> [WHAT THIS TASK INVOLVES]:
Each line of the material must be reproduced exactly; pictures stay out.

> [COLLECTED MATERIAL]:
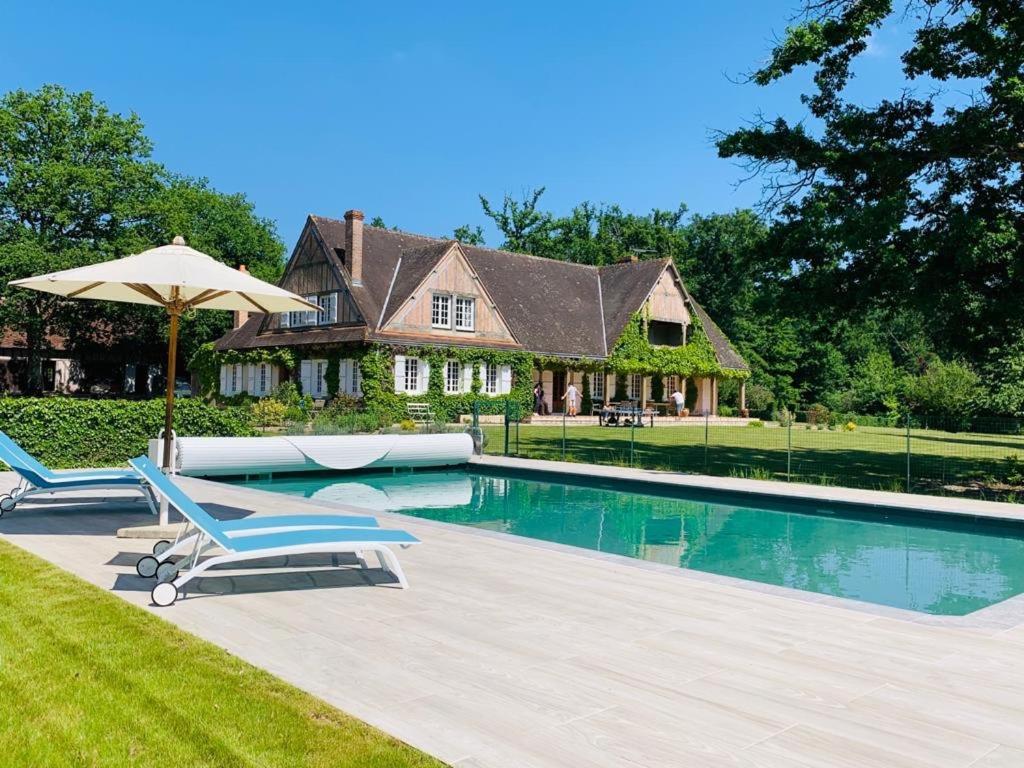 Les Vieux Guays Bed & Breakfast Cerdon  Bagian luar foto
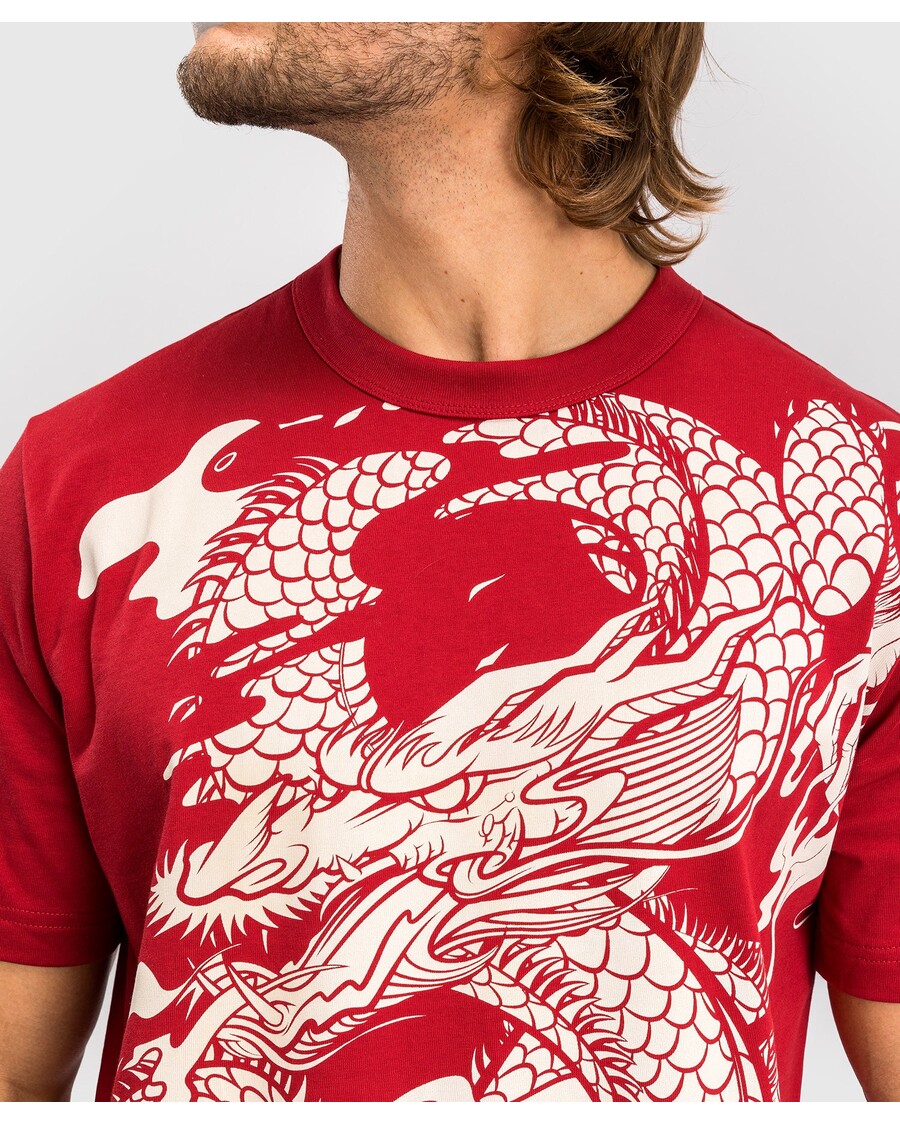 חולצת טי לגברים של Venum Dragon’s Flight - אדום דובדבן/לבן שמנת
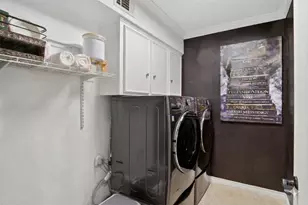 3228 Grantwood Dr, Dallas, TX 75229 - Photo 26
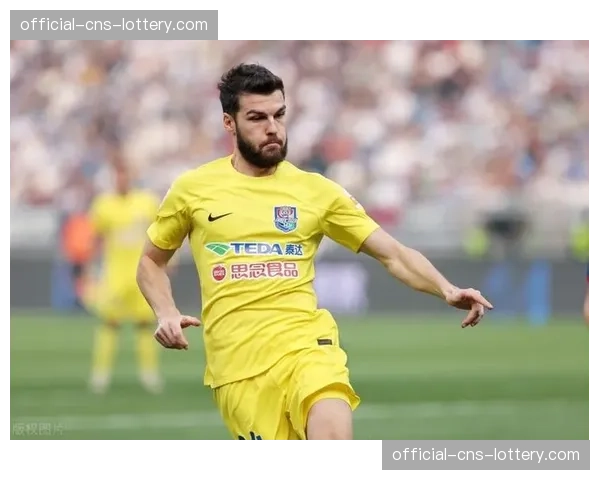 特写：老将汪晋贤转型后腰，成为天津津门虎中场新屏障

> [EXERCISE RESPONSE]:
 Les Vieux Guays Bed & Breakfast Cerdon  Bagian luar foto
 חולצת טי לגברים של Venum Dragon’s Flight - אדום דובדבן/לבן שמנת
 3228 Grantwood Dr, Dallas, TX 75229 - Photo 26
 特写：老将汪晋贤转型后腰，成为天津津门虎中场新屏障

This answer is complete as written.